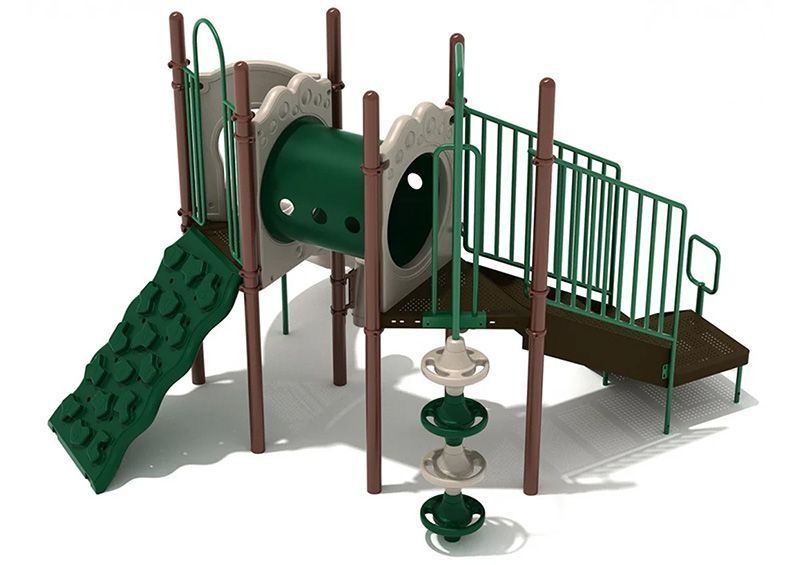 Playground with green climbing wall, brown stairs, and green tunnel.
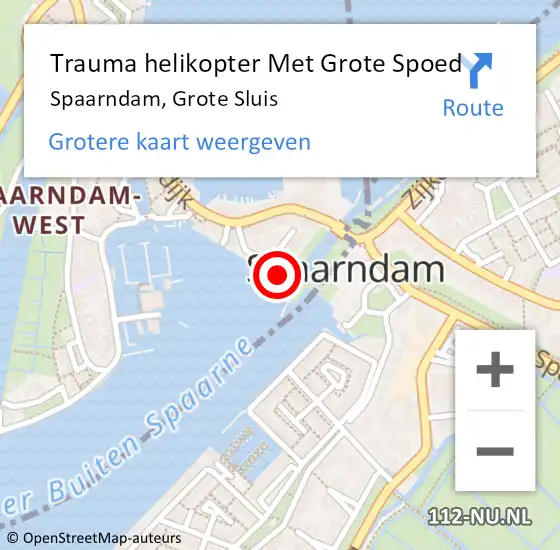 Locatie op kaart van de 112 melding: Trauma helikopter Met Grote Spoed Naar Spaarndam, Grote Sluis op 15 juni 2022 20:21
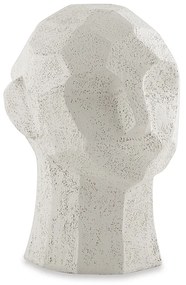 Escultura Decorativa "Rosto" Em Poliresina Off White 17,5x13 cm - D'Rossi
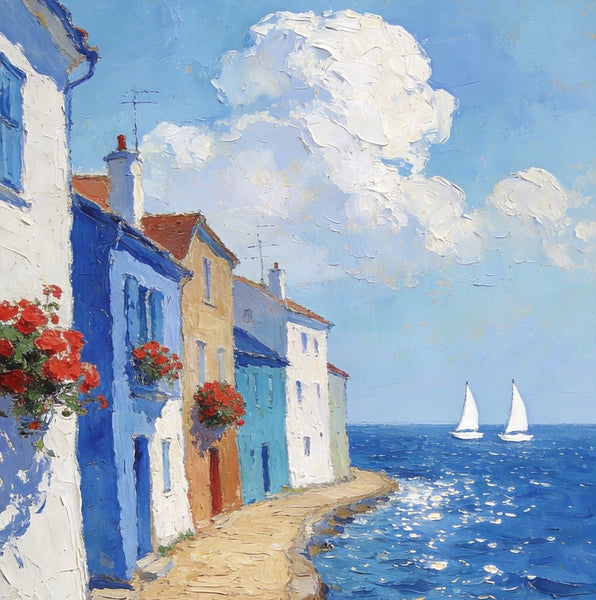 Palette Knife Artwork, Seaside Town Peaceful Ambiance, Hand Painted Canvas Art, Small Oil Paintings, Original Canvas Paintings, Landscape Paintings for Bedroom-artworkcanvas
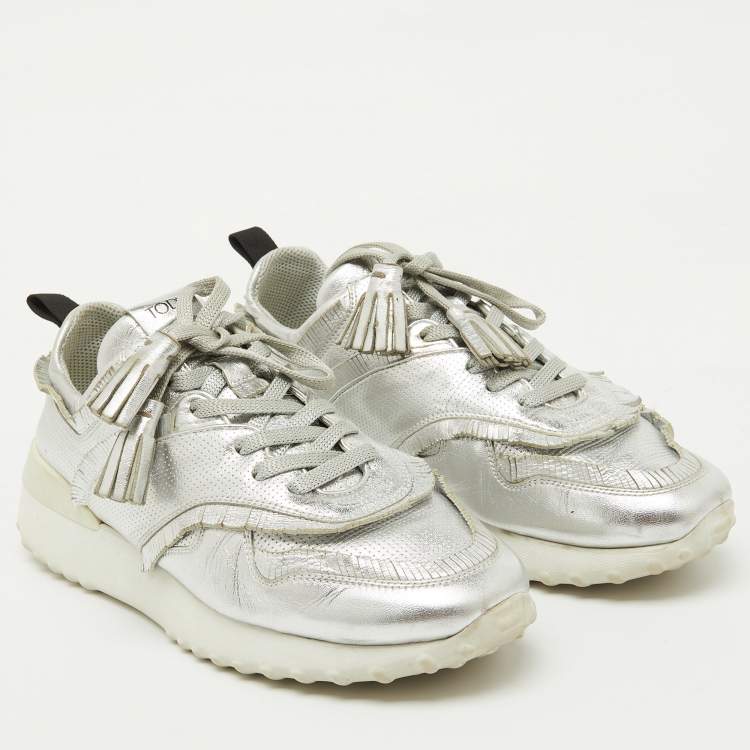 Pre Owned Tod's Silver Perforated Leather Low Top Sneakers Size 39.5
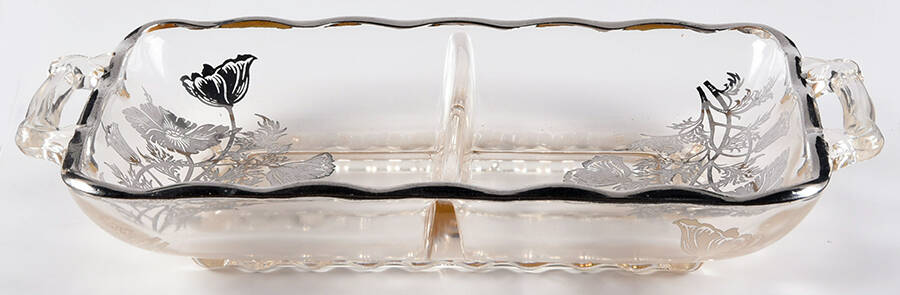 Flanders Clear 8" Rectangular 2 Part Relish by Silver City-1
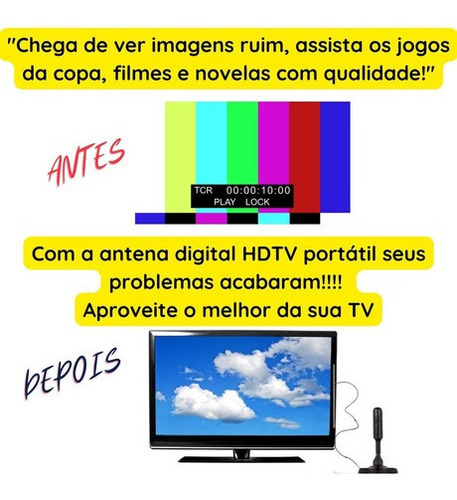 Antena Digital Interna Externa Hdtv Portátil Tv Prova Agua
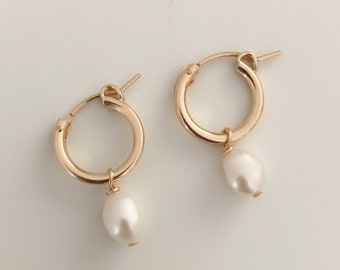 Small pearl hoop earrings, thick gold hoops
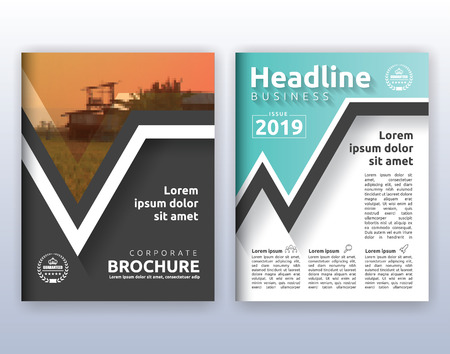 Multipurpose modern corporate business flyer layout design. Suitable for flyer, brochure, book cover and annual report. 8.5x11 inches document layout template background with bleeds.のイラスト素材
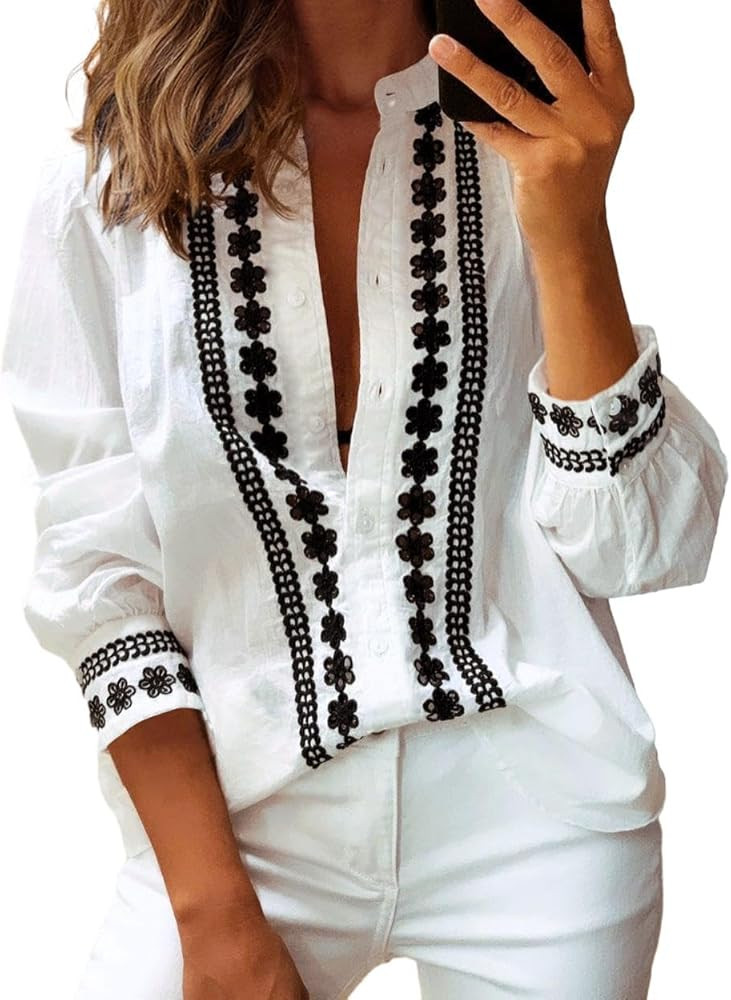 Theenkoln Womens Work Button Blouses: Long Sleeve V Neck Lace Casual Button Down Fall Trendy Shir... | Amazon (US)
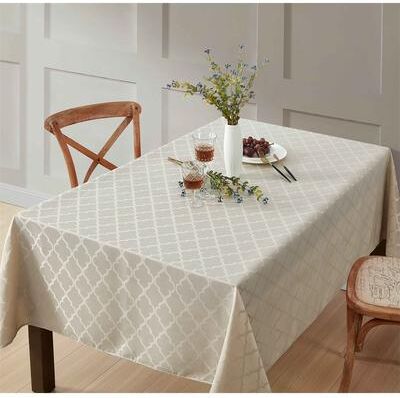 HLC.me Modena Lattice Fabric Tablecloth, Jacquard Fabric Table Cloth for Round Rectangle Table Advanced Water & Fade Resistance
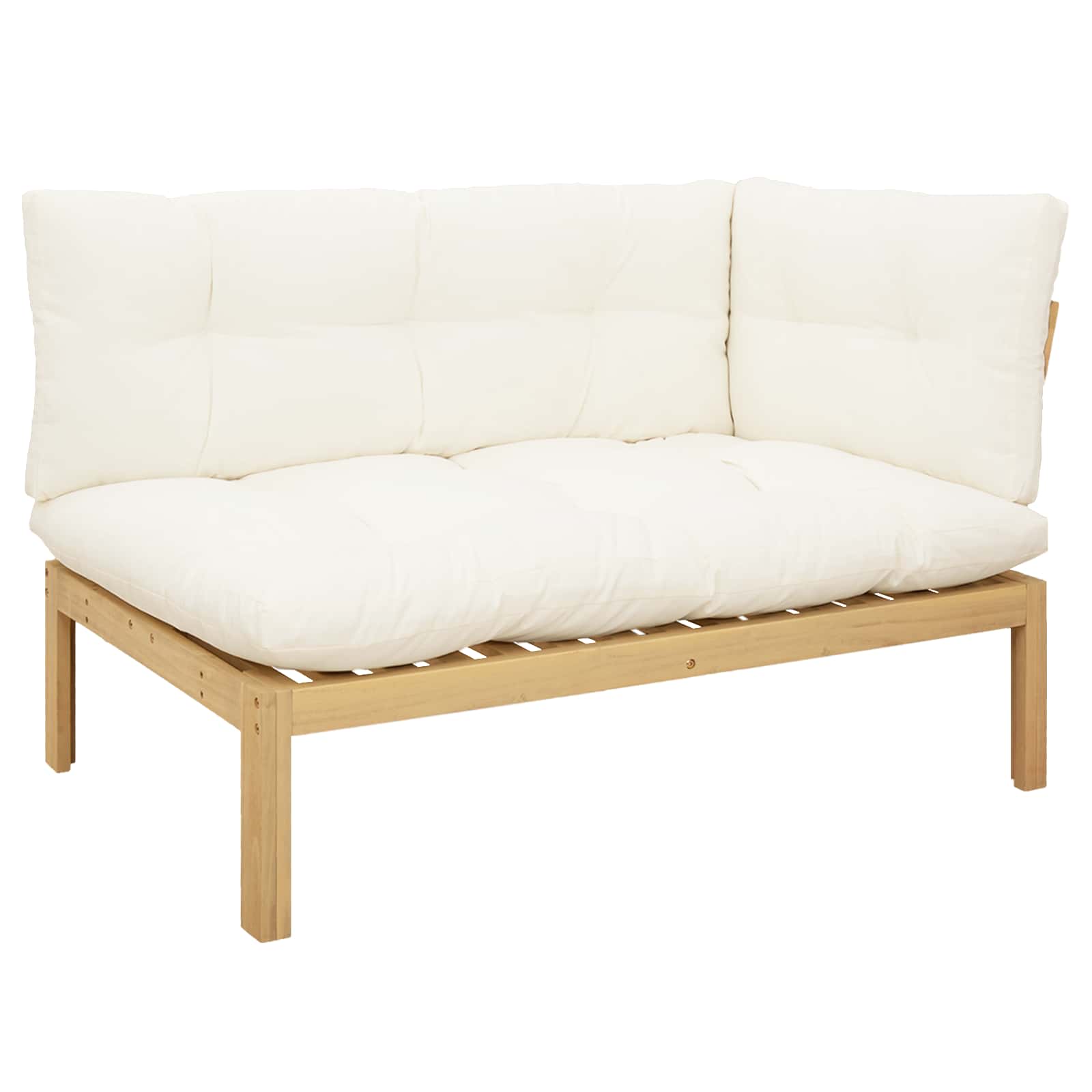 vidaXL Garten Pallet Sofa Einheiten 2 Stück Hellbraun und Cremeweiß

^^^^

Task statement:
Write out the lines of the entries above exactly, beginning with the first and ending with the line that contains "Multipurpose modern corporate". No picture goes in.

Answer section:
 Playground with green climbing wall, brown stairs, and green tunnel.
 Locatie op kaart van de 112 melding: Trauma helikopter Met Grote Spoed Naar Spaarndam, Grote Sluis op 15 juni 2022 20:21
 Escultura Decorativa "Rosto" Em Poliresina Off White 17,5x13 cm - D'Rossi
 Palette Knife Artwork, Seaside Town Peaceful Ambiance, Hand Painted Canvas Art, Small Oil Paintings, Original Canvas Paintings, Landscape Paintings for Bedroom-artworkcanvas
 Pre Owned Tod's Silver Perforated Leather Low Top Sneakers Size 39.5
 Flanders Clear 8" Rectangular 2 Part Relish by Silver City-1
 Antena Digital Interna Externa Hdtv Portátil Tv Prova Agua
 Small pearl hoop earrings, thick gold hoops
 Multipurpose modern corporate business flyer layout design. Suitable for flyer, brochure, book cover and annual report. 8.5x11 inches document layout template background with bleeds.のイラスト素材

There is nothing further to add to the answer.